With the sinister strumming of ‘Gapende Grav’ the album takes it first twisted turns. It brings out a higher pitch of B. Krabøl’s vocals, creeping more towards desperate shrieks than his usual rumbling throat. This eerie intro then smoothly transitions into ‘Nigromantia’, a skincrawling and somewhat contrarian track filled with unsettling tension. The layered guitars and humming bass come together into quite a conflicting whole, where the riffs often contradict each other in an unnerving fashion. Despite the low tempo, the intensity continues to swell in a fashion that most closely resembles the second Enevelde output, ‘Gravgang’, and clearly drew inspiration from the early Thorns demos. Yet despite the pitchblack atmosphere, the layers of guitars, vocals and twisting drums, the song is remarkably organic, captivating. The same can be said for the title track, a song in which the contrast between the background guitar and forefront lead continuously interchanges. The rising pitch of the riffs together with the possessed howling create a feeling of desolation, an image of one, alone in the centre of an all-consuming inferno. The subsequent ‘Offer’ is then initially a remarkable classic 90’s track, more in the direction of the seminal early Mayhem. The mood then twists into what by now can be called a typical Enevelde setting: slower, crawling, more deranged and utterly bleak.
‘Eksilfyrste’ continues the eerie descent into hell with gnarly riffs and pulsating bass. Writhing, contradicting and stripped down, the song continues into the cacophonous ‘Helvete Reiser Seg’, a track with a barrage of drum changes upon a rather consistent canvas of riffs. It creates a sense of chaos, with both the familiarity of the repeating guitar patterns and the unpredictable drums as contrast. ‘Rasende Flammer’ then serves as an end to the blazing fires, with tremolo riffs and inhale vocals, overwhelming drums and complete deranged vocal escalations mimicking people being consumed by the raging fire. It is a soundtrack to suffering a cruel and inevitable death, of being pushed into the corner with no way to escape the flames.

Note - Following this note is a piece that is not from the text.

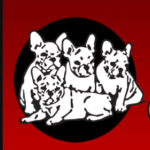 French Bulldogs LA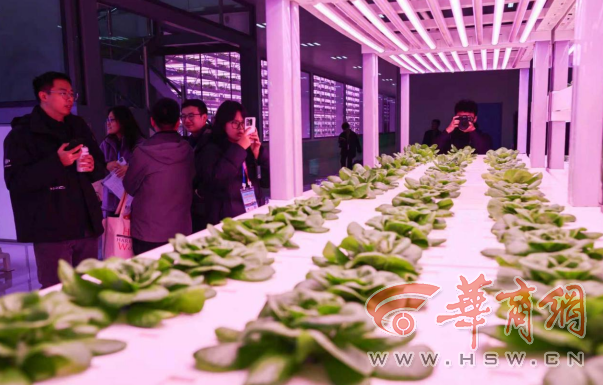wechat_2025-10-25_110507_673.png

With the contrasting layers of guitar riffs, the snarling tone of the strings, the delirious vocals and shifting drums, B. Krabøl has created the most distancing and bleak Enevelde record to date. It takes the slow and the dark, the eerie and the desperate, and the yearning for salvation from the previous recordings and pierces your soul further into the deepest pits of darkness. ‘Pandemonium’ is seven odes to being consumed by a blazing inferno, an unescapable fate with no hope of salvation. And you’ll love every second of it.